III. Das Prozessgericht als Vollstreckungsorgan

      8.36

      Das Prozessgericht erster Instanz ist funktionell zuständig für die Zwangsvollstreckung zur Erzwingung von Handlungen und Unterlassungen (§§ 887, 888, 890).

      Die Zuständigkeit des erstinstanzlichen Gerichts ist auch dann gegeben, wenn der Vollstreckungstitel (das Urteil) von dem Rechtsmittelgericht erlassen wurde[139]. Grundsätzlich entscheidet der nach §§ 348, 348a zuständige Einzelrichter; eine erstmalige Übertragung auf den Einzelrichter ist im Vollstreckungsverfahren nicht zulässig[140].

      8.37

      Vorschriften über die örtliche Zuständigkeit brauchten nicht erlassen zu werden, da immer das konkrete erstinstanzliche Gericht berufen ist.

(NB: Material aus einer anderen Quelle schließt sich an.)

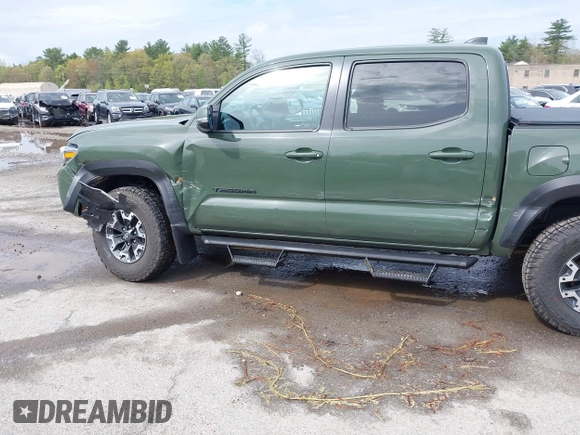 2021 Toyota Tacoma SR with VIN 3TMCZ5AN5MM380286, listed as a IAAI auction lot 42165523 with 58,965 mi miles and . Bid and sale history available at DreamBid. Image 6.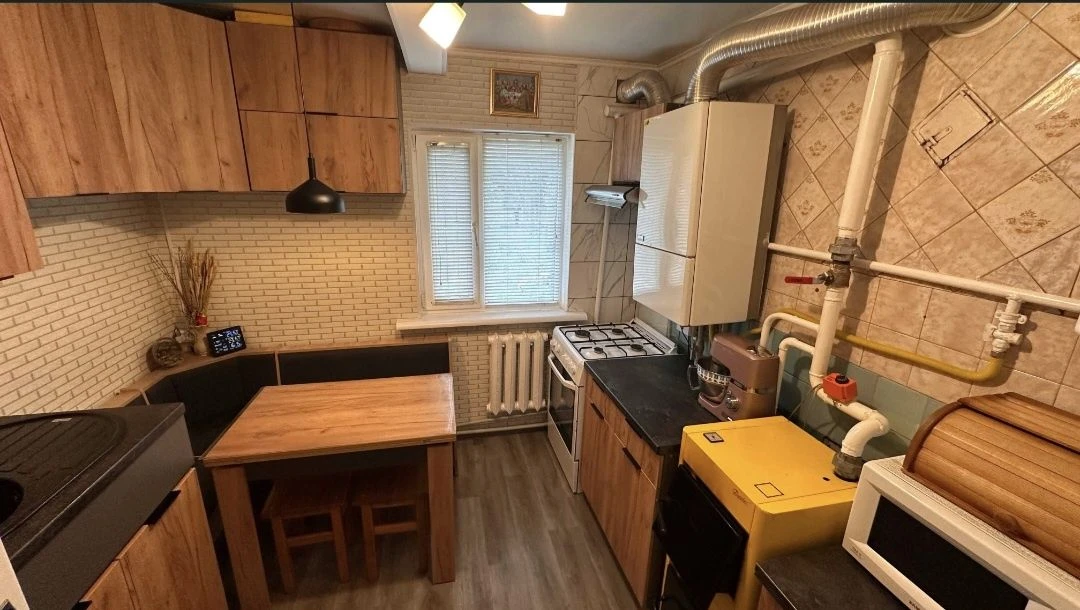 Затишний будинок 61м² з ремонтом, 15 сот, 2 котли, Крошня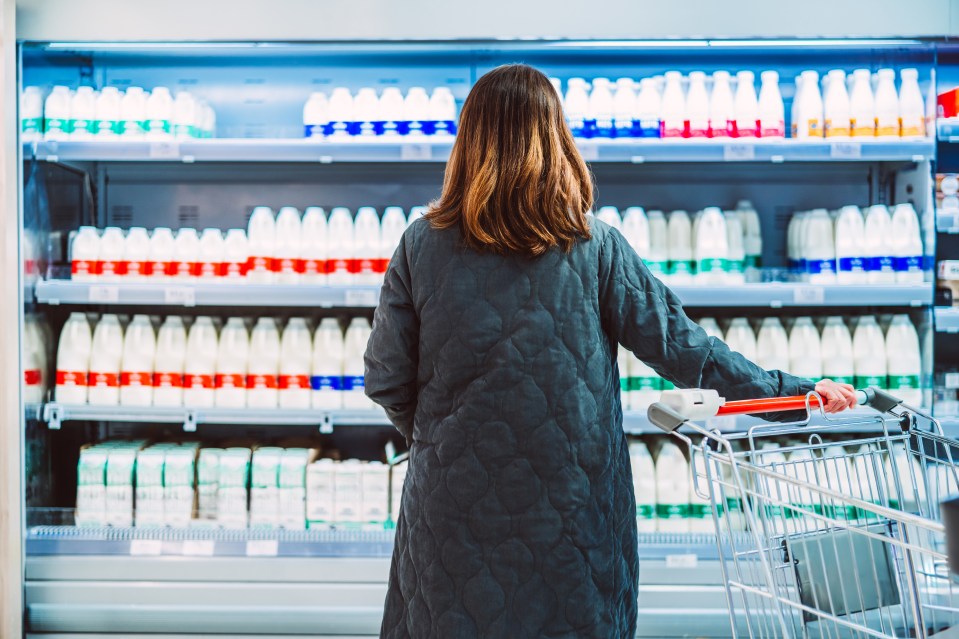 Woman shopping for milk in a supermarket.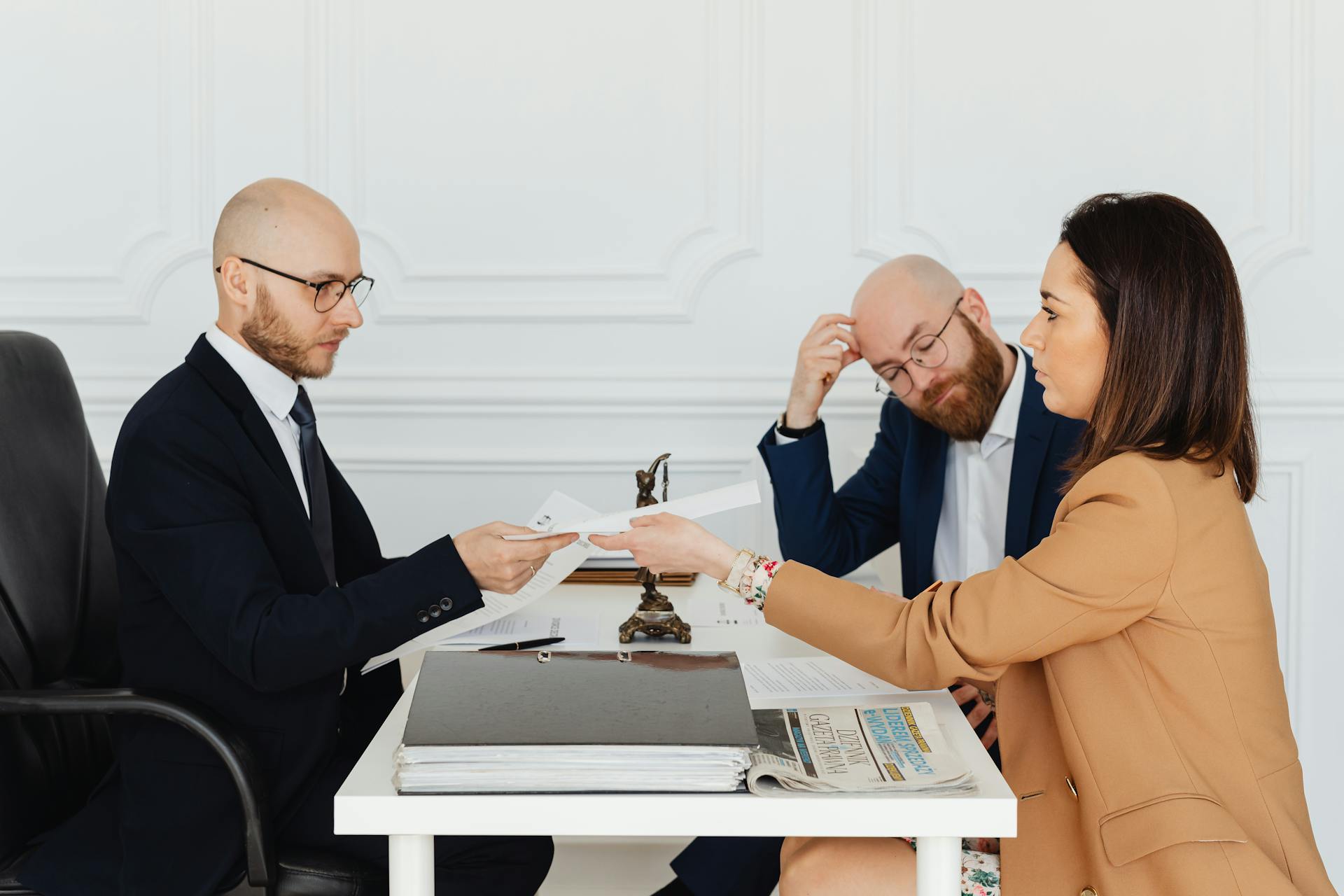 Professional meeting with lawyer and clients discussing documents in a modern office.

      Bei einem Beschluss, der einen Schiedsspruch für vollstreckbar erklärt (§§ 1060, 1062 Abs. 1 Nr. 4), oder einem ausländischen Urteil (§ 722) ist das Gericht zuständig, das den Schiedsspruch bzw. den Titel für vollstreckbar erklärt hat.

IV. Andere Behörden als Vollstreckungsorgane

      8.38

      Das Grundbuchamt ist zuständig für die Zwangsvollstreckung in das unbewegliche Vermögen durch Eintragung einer Sicherungshypothek (§ 867) und in gewissem Umfang bei der Vollstreckung in Rechte an Grundstücken (§§ 830, 857). Das Grundbuchamt handelt in diesen Fällen als Vollstreckungsbehörde[141] und als Organ der freiwilligen Gerichtsbarkeit[142]. Der Antrag des Gläubigers ist unmittelbar an das Grundbuchamt zu richten[143]. Ein Ersuchen seitens des Vollstreckungsgerichts erfolgt nicht (Ausnahme: § 941).